Gilles Roussel : « Il faut investir massivement, ce n’est pas un marchandage »

Un milliard d’euros en plus par an pour la recherche, c’est la demande de la Conférence des présidents d’universités (entre autres) pour la prochaine loi de financement de la recherche (LPPR). Réalisable ? Gilles Roussel, président de la CPU, l’espère.

Parlons calendrier, la LPPR sera votée début 2020 pour une mise en application en 2021, n’est-ce pas trop tard  ?


On aurait aimé que ce soit plus tôt, effectivement. L’investissement dans la recherche publique fait partie des objectifs européens : il faut maintenant que les annonces qui ont été faites, les livres blancs qui ont été publiés et les propositions que nous faisons soient suivis d’effets. C’est probablement déjà trop tard dans certains domaines, comme les batteries où la compétition est forte alors que dans nos laboratoires des chercheurs étaient capables de mener ces travaux.
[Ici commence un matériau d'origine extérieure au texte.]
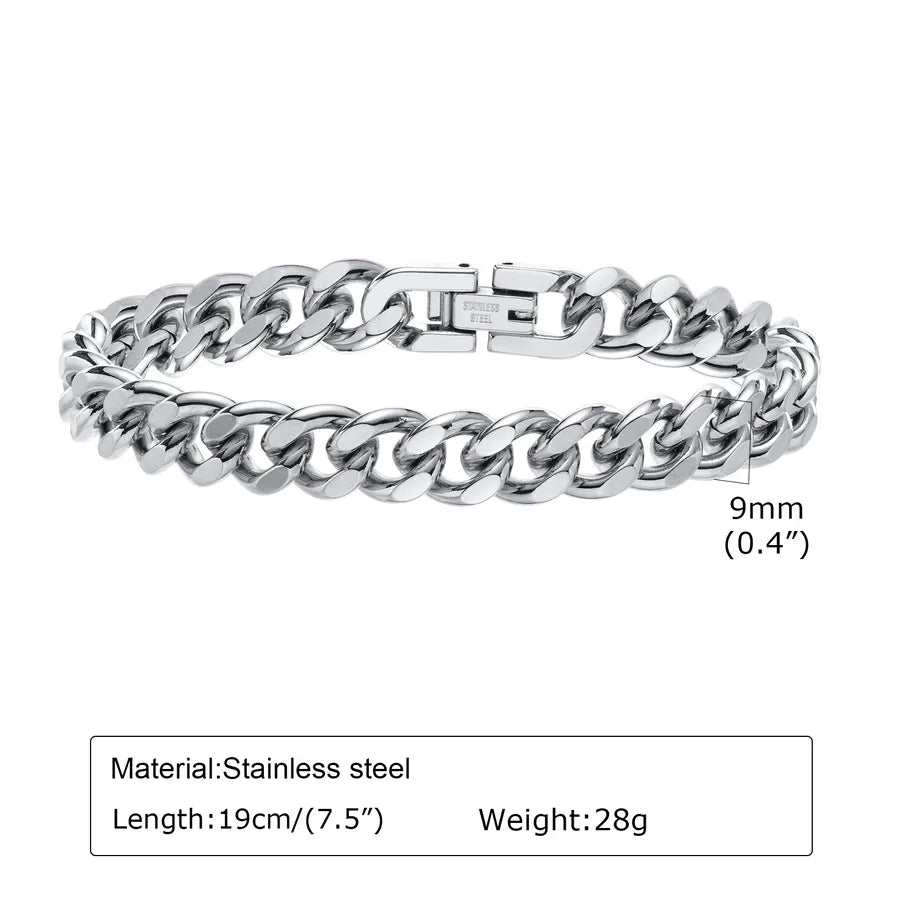 Simple Style Solid Color Stainless Steel Men's Bracelets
Et des manques que nous ne voyons pas aujourd’hui apparaîtront dans le futur.

On ne peut pas dire qu’Edouard Philippe ait fait de grandes promesses en janvier dernier… Etes-vous optimiste ?


La recherche, c’est le temps long. Il faut investir massivement, ce n’est pas un marchandage avec le gouvernement : il faut un milliard d’euros par an, pas moins. Cette loi est essentielle car la dernière loi de programmation de la recherche a près d’une quinzaine d’années. Le Premier ministre l’a mise à l’agenda politique, j’espère qu’il a mesuré l’attente de la communauté scientifique. Il n’y a aucun corporatisme dans nos propositions, il s’agit d’un investissement nécessaire pour le pays.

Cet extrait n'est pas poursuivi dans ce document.